Records provided:
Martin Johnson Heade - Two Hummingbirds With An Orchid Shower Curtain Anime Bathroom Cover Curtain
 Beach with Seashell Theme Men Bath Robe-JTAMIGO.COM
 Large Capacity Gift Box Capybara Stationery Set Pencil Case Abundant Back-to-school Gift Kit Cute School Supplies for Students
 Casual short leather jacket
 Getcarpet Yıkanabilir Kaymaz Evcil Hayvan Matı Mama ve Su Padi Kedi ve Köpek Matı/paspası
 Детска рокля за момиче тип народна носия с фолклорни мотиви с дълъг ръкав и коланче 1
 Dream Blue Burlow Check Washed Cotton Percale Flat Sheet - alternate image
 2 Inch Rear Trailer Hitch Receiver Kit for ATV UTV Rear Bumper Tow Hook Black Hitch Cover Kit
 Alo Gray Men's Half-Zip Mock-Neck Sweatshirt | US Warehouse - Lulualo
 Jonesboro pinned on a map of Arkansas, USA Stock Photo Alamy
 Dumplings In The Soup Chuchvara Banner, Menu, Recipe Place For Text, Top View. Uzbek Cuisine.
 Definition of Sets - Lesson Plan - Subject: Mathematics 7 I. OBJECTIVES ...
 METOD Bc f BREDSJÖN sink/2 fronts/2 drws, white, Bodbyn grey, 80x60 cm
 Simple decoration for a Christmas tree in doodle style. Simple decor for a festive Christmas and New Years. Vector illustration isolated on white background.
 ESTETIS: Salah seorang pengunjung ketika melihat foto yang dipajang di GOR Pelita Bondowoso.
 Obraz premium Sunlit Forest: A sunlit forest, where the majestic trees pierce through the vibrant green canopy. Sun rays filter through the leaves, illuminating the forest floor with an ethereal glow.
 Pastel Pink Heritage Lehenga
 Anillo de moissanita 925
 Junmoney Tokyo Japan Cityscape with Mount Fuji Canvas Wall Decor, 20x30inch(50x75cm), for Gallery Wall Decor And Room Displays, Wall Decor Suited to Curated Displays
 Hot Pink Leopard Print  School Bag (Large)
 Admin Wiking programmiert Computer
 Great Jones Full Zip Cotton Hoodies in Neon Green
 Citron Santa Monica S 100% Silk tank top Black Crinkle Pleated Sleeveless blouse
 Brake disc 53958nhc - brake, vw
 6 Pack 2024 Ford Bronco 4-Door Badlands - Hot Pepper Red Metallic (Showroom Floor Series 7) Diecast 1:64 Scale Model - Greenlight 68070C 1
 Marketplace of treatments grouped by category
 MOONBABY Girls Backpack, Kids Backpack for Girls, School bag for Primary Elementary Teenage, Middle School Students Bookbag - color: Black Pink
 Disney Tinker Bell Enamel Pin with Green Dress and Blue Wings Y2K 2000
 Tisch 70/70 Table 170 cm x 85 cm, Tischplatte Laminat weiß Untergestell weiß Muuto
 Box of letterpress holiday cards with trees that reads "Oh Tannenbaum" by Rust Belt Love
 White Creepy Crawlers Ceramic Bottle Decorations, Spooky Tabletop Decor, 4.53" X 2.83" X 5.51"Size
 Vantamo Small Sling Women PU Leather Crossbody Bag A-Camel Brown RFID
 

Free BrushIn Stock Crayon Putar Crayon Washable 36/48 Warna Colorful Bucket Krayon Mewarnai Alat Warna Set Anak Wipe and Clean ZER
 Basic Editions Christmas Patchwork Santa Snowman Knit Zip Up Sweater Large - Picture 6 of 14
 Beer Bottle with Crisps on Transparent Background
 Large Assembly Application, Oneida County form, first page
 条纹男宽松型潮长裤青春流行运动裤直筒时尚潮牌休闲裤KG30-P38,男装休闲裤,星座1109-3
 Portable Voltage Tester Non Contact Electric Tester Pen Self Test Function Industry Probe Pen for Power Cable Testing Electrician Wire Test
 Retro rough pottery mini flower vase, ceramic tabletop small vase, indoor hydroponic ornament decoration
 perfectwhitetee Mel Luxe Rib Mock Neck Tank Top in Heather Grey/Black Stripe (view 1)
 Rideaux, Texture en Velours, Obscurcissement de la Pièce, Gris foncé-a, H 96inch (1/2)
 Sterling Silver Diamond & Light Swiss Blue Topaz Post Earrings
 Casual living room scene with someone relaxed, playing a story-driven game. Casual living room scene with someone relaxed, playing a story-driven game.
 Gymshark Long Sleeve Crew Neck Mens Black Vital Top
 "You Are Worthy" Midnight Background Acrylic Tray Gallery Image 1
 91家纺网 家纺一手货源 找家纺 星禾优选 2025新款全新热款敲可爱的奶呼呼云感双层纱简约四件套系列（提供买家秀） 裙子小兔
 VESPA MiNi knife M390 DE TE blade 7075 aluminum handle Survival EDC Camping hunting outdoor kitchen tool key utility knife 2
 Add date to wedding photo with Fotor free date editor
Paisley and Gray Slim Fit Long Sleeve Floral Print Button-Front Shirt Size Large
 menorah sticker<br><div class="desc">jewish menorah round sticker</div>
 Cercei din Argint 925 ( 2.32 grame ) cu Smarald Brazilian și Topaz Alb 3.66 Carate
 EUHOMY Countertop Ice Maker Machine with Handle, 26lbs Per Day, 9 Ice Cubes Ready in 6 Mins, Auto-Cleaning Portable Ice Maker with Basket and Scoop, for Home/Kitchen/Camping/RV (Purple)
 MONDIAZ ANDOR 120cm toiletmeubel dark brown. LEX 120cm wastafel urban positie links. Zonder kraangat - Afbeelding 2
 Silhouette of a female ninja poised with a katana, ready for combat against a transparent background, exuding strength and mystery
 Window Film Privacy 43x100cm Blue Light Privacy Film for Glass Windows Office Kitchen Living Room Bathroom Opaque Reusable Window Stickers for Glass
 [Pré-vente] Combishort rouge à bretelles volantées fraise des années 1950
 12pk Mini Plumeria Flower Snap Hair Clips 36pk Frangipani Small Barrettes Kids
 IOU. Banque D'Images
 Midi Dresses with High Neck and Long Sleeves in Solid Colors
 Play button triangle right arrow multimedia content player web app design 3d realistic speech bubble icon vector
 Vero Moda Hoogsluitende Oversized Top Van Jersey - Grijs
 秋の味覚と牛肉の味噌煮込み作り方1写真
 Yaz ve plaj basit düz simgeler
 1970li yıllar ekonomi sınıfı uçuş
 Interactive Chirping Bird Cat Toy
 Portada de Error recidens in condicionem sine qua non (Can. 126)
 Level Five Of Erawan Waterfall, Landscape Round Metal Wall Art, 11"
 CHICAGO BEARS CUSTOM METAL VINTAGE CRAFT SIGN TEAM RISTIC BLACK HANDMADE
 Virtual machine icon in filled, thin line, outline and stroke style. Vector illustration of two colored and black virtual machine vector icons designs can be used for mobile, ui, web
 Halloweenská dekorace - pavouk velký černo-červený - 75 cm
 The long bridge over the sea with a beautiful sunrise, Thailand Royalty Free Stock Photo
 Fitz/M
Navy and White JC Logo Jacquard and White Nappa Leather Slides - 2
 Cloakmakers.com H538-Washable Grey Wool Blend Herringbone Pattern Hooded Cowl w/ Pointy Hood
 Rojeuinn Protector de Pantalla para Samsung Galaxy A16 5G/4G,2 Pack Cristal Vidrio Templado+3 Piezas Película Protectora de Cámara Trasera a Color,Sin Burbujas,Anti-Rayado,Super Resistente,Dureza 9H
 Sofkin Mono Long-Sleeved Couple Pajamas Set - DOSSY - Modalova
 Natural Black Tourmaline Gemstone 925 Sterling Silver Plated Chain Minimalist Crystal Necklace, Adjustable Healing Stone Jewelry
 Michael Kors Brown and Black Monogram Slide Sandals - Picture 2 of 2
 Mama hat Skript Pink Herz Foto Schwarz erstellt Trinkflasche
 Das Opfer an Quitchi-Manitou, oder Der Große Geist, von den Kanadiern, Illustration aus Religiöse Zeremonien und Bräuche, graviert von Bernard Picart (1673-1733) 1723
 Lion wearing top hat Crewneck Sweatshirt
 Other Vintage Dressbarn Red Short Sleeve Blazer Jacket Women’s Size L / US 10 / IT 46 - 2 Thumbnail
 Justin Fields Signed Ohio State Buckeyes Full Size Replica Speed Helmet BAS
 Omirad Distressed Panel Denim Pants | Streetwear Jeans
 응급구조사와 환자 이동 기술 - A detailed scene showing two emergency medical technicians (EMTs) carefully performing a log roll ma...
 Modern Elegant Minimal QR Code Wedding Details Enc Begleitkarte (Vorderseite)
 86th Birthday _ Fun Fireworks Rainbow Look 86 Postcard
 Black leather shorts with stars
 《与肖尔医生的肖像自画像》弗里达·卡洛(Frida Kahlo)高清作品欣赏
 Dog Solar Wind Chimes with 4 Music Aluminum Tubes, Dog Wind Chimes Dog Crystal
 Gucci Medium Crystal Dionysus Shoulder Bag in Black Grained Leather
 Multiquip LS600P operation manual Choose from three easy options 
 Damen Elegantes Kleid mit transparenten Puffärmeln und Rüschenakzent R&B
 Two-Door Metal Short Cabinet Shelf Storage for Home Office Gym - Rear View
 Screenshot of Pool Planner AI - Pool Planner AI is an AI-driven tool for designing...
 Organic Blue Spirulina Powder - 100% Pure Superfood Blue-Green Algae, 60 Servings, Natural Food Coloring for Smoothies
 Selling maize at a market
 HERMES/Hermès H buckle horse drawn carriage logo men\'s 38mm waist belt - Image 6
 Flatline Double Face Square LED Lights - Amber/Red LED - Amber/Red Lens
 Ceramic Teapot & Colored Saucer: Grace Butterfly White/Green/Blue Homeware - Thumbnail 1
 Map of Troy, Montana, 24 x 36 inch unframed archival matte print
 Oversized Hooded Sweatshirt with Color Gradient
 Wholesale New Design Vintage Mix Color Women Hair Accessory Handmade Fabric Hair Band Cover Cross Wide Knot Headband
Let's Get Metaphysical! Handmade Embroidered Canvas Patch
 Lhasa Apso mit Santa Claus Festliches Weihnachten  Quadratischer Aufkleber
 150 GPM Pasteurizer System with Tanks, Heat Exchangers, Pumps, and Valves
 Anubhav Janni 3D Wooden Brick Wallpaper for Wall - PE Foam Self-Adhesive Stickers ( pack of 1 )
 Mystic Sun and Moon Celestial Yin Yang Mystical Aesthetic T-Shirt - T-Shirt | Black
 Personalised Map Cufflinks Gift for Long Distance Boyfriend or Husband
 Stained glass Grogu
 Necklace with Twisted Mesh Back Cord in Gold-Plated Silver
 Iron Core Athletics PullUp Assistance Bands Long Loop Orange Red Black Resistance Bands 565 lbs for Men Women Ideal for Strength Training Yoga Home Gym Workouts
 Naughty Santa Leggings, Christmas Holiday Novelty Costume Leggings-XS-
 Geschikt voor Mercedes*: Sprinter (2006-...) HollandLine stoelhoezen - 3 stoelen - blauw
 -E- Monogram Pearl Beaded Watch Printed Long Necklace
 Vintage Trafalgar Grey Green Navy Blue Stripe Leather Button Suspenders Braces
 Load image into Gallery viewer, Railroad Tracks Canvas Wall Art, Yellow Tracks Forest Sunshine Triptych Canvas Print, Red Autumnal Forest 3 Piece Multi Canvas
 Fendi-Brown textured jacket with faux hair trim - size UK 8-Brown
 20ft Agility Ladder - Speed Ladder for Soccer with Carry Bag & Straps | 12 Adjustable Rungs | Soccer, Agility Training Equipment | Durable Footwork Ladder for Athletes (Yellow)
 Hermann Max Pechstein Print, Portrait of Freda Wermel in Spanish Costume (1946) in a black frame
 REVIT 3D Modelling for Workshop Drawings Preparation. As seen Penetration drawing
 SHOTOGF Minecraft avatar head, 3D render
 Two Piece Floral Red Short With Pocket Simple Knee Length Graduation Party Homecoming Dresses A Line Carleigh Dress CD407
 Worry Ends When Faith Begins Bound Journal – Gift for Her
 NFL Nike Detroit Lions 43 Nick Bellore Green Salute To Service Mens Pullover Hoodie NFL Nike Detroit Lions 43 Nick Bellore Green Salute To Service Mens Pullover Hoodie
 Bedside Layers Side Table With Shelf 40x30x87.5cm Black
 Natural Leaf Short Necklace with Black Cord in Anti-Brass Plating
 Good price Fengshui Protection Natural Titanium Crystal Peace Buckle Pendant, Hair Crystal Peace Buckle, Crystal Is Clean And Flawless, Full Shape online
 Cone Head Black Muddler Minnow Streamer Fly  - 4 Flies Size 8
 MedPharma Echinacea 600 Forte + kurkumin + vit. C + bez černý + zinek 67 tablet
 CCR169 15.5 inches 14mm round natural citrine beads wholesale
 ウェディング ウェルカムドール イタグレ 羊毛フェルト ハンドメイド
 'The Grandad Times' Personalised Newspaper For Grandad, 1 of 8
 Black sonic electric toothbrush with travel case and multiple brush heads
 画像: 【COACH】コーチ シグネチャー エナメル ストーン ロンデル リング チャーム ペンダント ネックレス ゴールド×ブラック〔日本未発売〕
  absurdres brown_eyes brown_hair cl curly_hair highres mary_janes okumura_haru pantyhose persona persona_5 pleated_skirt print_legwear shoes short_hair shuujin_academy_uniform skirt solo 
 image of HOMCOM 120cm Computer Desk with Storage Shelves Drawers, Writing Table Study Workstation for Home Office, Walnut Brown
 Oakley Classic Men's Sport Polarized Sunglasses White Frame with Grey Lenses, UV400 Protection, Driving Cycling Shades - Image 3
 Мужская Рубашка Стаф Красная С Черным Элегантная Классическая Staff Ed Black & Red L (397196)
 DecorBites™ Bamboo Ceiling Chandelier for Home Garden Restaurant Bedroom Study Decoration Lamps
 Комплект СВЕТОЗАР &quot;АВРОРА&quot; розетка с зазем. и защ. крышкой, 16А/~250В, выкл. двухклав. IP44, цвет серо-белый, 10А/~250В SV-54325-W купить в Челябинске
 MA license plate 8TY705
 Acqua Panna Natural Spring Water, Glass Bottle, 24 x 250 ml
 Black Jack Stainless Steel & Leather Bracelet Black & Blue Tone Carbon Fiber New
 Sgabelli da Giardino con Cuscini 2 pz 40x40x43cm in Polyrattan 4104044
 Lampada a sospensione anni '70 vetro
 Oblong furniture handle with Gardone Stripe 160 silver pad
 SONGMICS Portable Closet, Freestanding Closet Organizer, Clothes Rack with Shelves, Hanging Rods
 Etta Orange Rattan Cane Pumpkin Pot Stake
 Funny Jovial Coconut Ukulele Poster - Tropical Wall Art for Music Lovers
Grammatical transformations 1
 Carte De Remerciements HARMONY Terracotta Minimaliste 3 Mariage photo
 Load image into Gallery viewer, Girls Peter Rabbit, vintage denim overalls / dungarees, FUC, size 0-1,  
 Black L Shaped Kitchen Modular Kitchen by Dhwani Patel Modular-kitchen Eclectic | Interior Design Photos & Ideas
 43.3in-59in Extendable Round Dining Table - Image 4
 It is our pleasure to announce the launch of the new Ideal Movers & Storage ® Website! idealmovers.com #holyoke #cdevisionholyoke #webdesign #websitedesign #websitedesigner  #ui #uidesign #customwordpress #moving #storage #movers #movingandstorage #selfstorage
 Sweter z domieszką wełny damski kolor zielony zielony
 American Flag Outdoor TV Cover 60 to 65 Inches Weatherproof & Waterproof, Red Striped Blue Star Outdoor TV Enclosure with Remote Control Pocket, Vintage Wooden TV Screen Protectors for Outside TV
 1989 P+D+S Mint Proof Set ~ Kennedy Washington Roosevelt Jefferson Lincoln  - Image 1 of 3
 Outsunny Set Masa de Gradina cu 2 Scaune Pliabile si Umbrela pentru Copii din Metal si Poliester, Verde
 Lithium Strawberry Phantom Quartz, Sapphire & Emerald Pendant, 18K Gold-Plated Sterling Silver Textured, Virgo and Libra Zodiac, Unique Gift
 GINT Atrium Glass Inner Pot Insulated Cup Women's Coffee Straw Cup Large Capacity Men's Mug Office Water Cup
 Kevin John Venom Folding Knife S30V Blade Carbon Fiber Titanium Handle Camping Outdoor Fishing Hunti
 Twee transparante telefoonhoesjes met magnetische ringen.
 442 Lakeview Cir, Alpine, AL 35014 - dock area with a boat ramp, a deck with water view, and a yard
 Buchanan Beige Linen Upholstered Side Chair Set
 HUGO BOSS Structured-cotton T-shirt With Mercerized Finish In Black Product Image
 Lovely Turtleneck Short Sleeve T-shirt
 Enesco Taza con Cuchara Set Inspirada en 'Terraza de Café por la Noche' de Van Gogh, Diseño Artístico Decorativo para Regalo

What the task asks: Look back at the entries above and repeat, unchanged, every line from the line holding "Cercei din Argint" through the line holding "Silhouette of a".

Solved exercise:
 Cercei din Argint 925 ( 2.32 grame ) cu Smarald Brazilian și Topaz Alb 3.66 Carate
 EUHOMY Countertop Ice Maker Machine with Handle, 26lbs Per Day, 9 Ice Cubes Ready in 6 Mins, Auto-Cleaning Portable Ice Maker with Basket and Scoop, for Home/Kitchen/Camping/RV (Purple)
 MONDIAZ ANDOR 120cm toiletmeubel dark brown. LEX 120cm wastafel urban positie links. Zonder kraangat - Afbeelding 2
 Silhouette of a female ninja poised with a katana, ready for combat against a transparent background, exuding strength and mystery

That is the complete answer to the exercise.